Documents contractuels concomitants : attention à la cohérence!
Étant donné que certaines ententes commerciales et certains appels d’offres sont des assemblages complexes de documents contractuels ou techniques, leur l’interprétation peut poser problème. La récente décision de la Cour d’appel dans Billards Dooly’s inc. c Entreprises Prébour ltée[1] en est l’illustration.
Dans cette affaire, les parties signent cinq ententes commerciales (contrats de franchise, offres d’achat et entente de partenariat) dans le but de reconvertir un bar en un salon de billard franchisé Dooly’s et d’en ouvrir un second. L’un des contrats de franchise contient une clause y mettant fin si le franchisé n’a pas débuté ses opérations à l’intérieur d’un délai de 180 jours, délai pouvant être prolongé de 60 jours.
Plus tard, alors que ce contrat a, en théorie, pris fin, les parties signent un protocole d’entente visant à remplacer l’ensemble des contrats initiaux.
L’une des questions en litige est de déterminer si le contrat de franchise a cessé d’avoir effet.
Contrairement au juge de première instance, la Cour d’appel conclut que ce contrat ne s’est pas éteint par le simple écoulement du temps. Étant donné les dispositions contenues dans les autres contrats, le contrat en cause a continué de trouver effet. Aux yeux de la Cour d’appel, les cinq contrats initiaux sont:
« […] concomitants et interdépendants, destinés à réaliser une opération globale et précisant le cercle contractuel de cette dernière. La cause de tous et chacun d’eux est commune; la raison de leur signature est de donner effet à l’ensemble des engagements convenus par les parties. Ces contrats constituent dès lors un ensemble contractuel indivisible. [Nos soulignés] » [2]
Plus loin, la Cour explique que :
« [68] Les cinq contrats sont donc indivisibles en ce qu’ils traduisent, lus ensemble, l’économie générale de l’opération convenue par les parties en septembre 2003 et la cause de leurs engagements respectifs. »[3]
Cette décision confirme la possibilité, voire même l’importance, d’interpréter les contrats d’un ensemble contractuel les uns par rapport aux autres afin de trouver la commune intention des parties.

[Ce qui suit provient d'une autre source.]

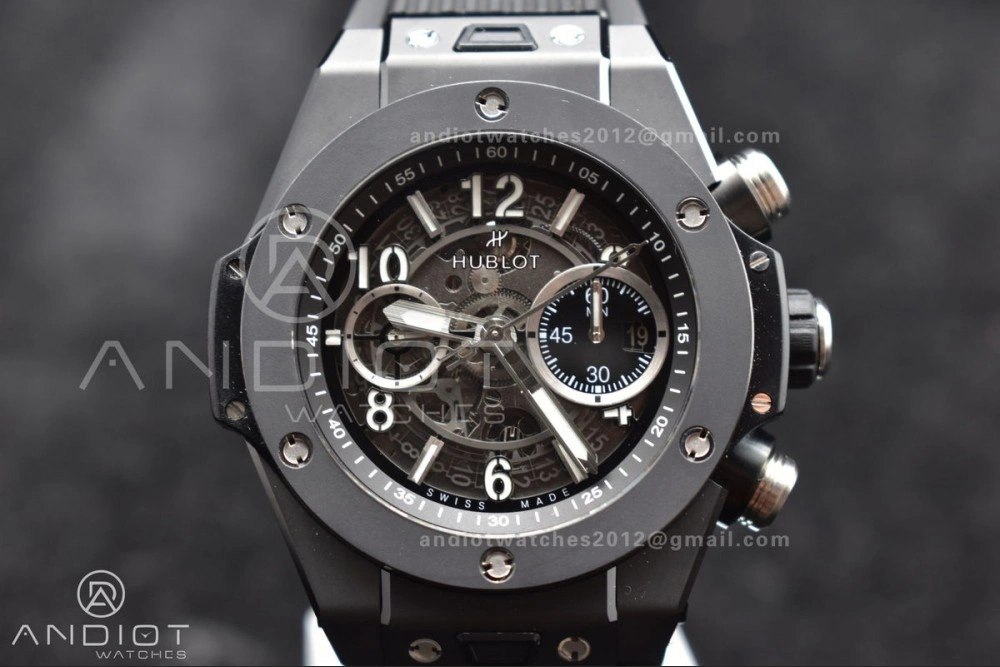 Hublot Big Bang Unico Titanium ZF 1:1 Best Edition Black Skeleton Dial On Black Rubber Strap A Modern 267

Cet outil d’interprétation s’ajoute à ceux explicitement énumérés aux articles 1425 et 1426 du Code civil du Québec[4], à savoir:
- les circonstances dans lesquelles le contrat a été conclu;
- la nature du contrat;
- les usages; et
- l’interprétation que les parties ont donnée au contrat durant leur relation contractuelle.
Alors que la jurisprudence était divisée sur la question[5], il n’y a maintenant plus de doute quant à la possibilité de rechercher la commune intention des parties en interprétant les contrats d’un ensemble contractuel les uns par rapport aux autres.
En conclusion, les rédacteurs des divers documents contractuels ou techniques contenus dans des ententes commerciales ou des appels d’offres doivent s’assurer de la cohérence des documents entre eux et de leur contenu afin d’éviter toute ambigüité rendant nécessaire l’intervention des tribunaux.
[5] Pierre-Gabriel JOBIN, « Comment résoudre le casse-tête d’un groupe de contrats », (2012) 46 RJT 9 au para 9.